Andrea – Resides in Summer. Nineteen years old. Black thick hair, medium brown skin, black eyes. Extremely bubbly and friendly to everyone. A human slave who must work in the fields of Summer for the evil fairies. Disagrees with her serious friend, Dahlia, on many things.

Gesu – Resides in Summer, later transported to Winter. Thirty years old. Tall and broad-shouldered, tan skin, shaven face, and dark brown hair. An extraordinary healer that people come to so he can cure them. Silent and brooding, yet also thoughtful and kind.

Tarquin – Resides in Summer. Twenty years old. Tall and thin, brown skin, black hair with scruffy beard. Works on mines between the lands of Summer and Autumn. Impulsive, yet passionate about the right things, such as finding Gesu the healer.
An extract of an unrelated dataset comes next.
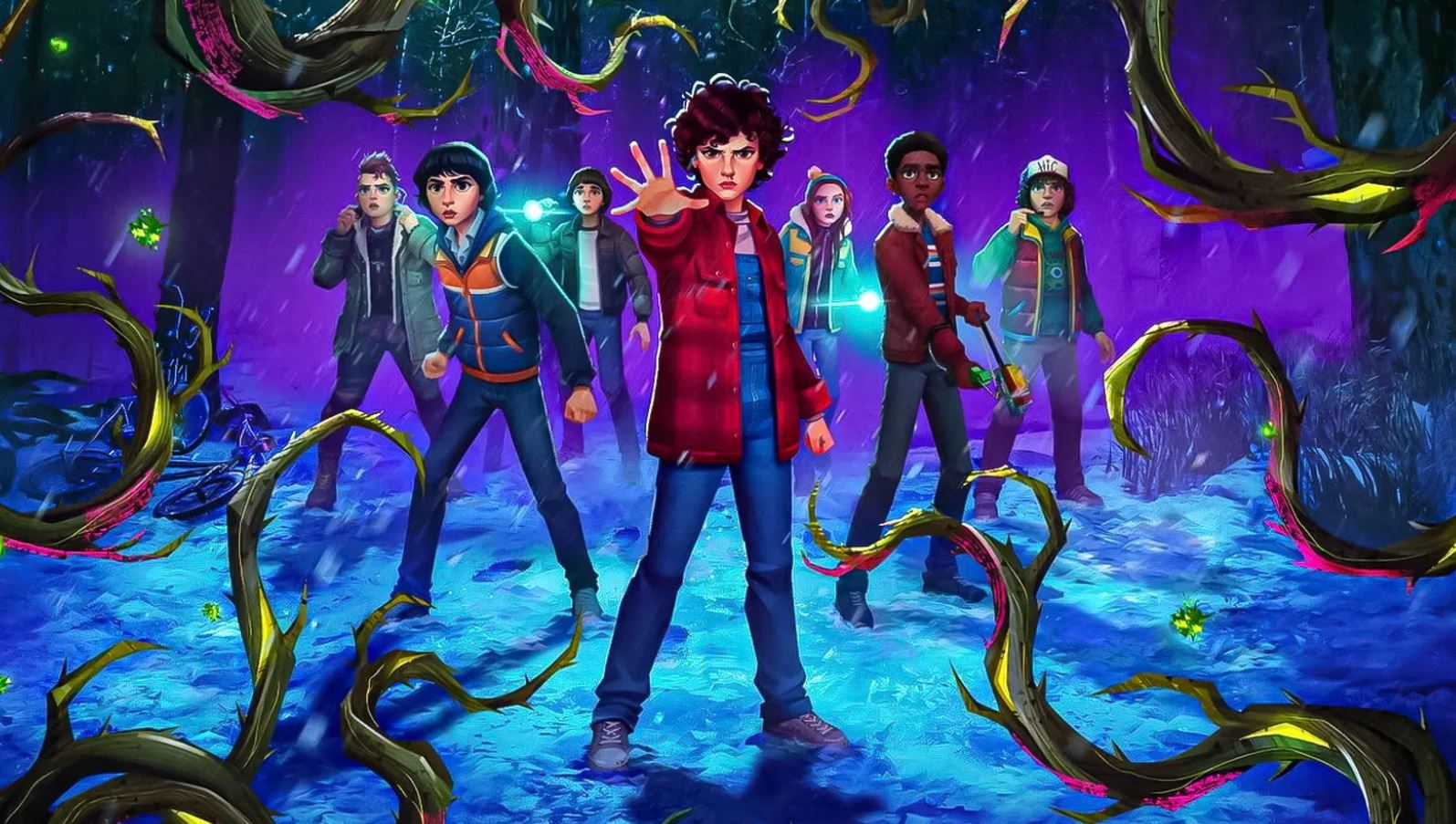 مسلسل Stranger Things Tales from 85 الموسم الاول الحلقة 10 مترجمة و الاخيرة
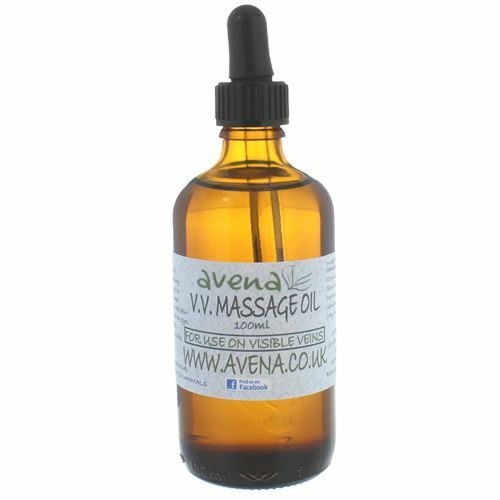 VV Calendula Oil - Natural Visible Vein Treatment - Herbalshire Handmade Herbal Products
Dreams to escape the island of Istagun and sail to the land beyond the sea.

Prima – Resides in Summer. Older than the trees. A small green, fragile fairy who talks fast and curtly. She is a servant of Gesu and loves him very much.

Queen Hazina – Resides in a palace in the center of Istagun. Older than the trees. The evil fairy Queen of Istagun. Giant sparkly rainbow wings. Cruel and demanding. Wants all humans dead so she can replace them with the strong species, the Treelanders, to toil for her instead.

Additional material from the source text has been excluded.